--- START ---

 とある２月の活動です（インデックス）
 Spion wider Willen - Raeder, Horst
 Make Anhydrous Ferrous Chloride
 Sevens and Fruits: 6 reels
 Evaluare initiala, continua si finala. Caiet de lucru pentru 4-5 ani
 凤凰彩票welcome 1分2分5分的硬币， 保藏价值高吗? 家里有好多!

--- END ---
--- START ---

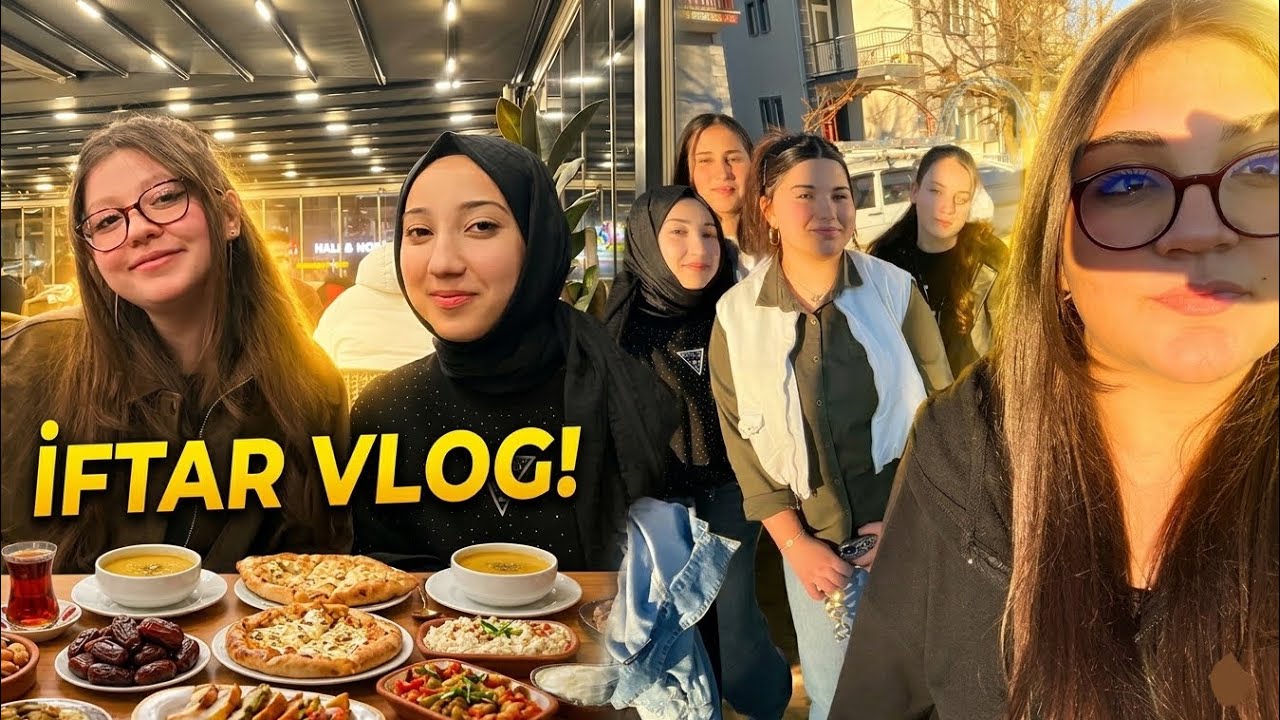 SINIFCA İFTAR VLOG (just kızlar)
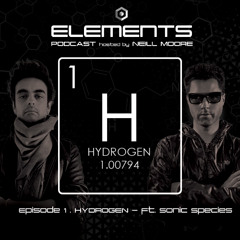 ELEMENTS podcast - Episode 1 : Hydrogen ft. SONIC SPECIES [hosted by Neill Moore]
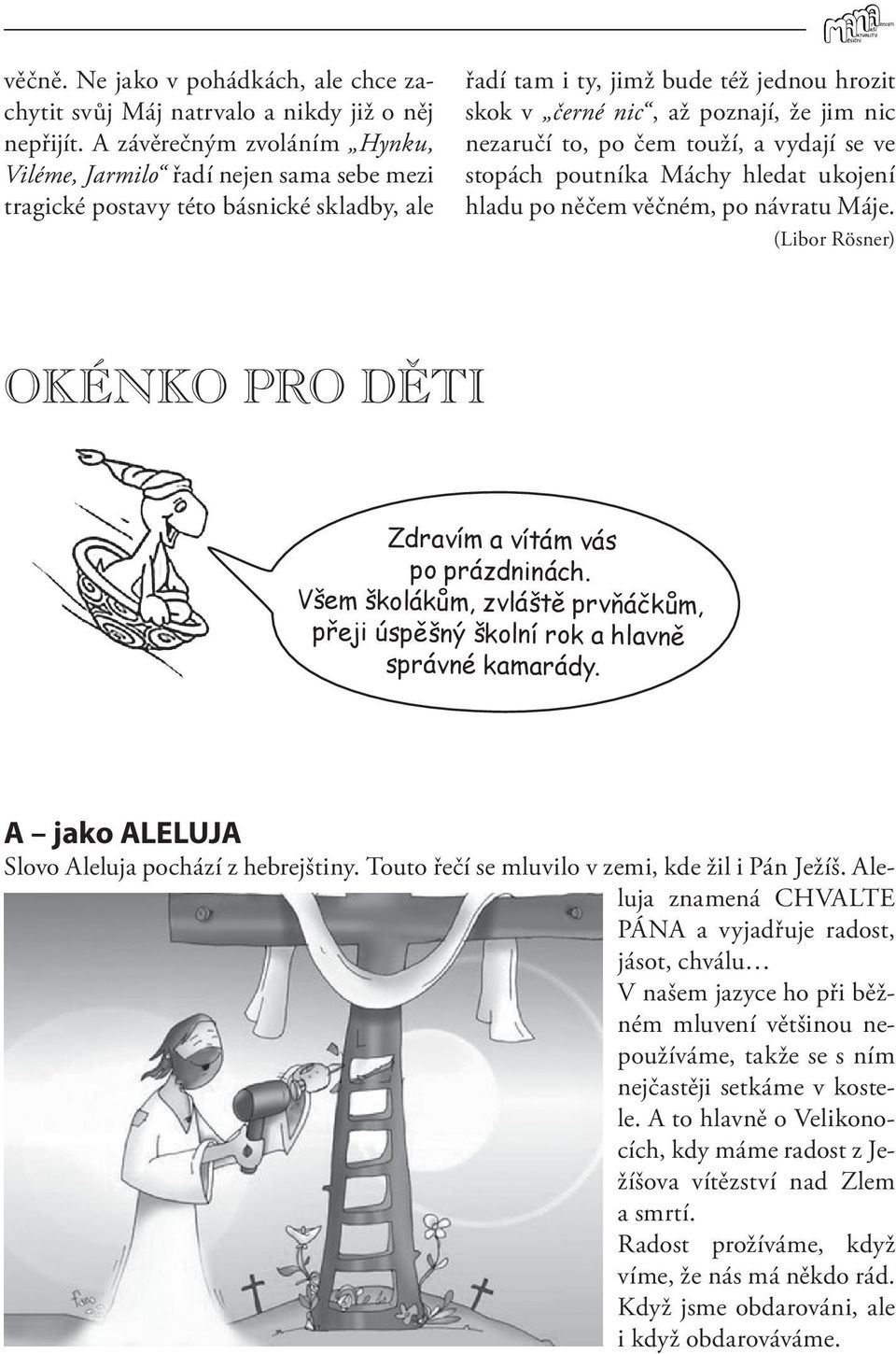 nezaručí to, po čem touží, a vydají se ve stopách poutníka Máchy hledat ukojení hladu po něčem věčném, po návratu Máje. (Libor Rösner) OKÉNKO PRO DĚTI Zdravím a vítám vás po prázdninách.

--- END ---

### Your objective
Beginning with the line that has "とある２月の活動です（インデックス）" and ending with the line that has "凤凰彩票welcome 1分2分5分的硬币， 保藏价值高吗? 家里有好多!", set down the lines above exactly and include no others.

### Task output
 とある２月の活動です（インデックス）
 Spion wider Willen - Raeder, Horst
 Make Anhydrous Ferrous Chloride
 Sevens and Fruits: 6 reels
 Evaluare initiala, continua si finala. Caiet de lucru pentru 4-5 ani
 凤凰彩票welcome 1分2分5分的硬币， 保藏价值高吗? 家里有好多!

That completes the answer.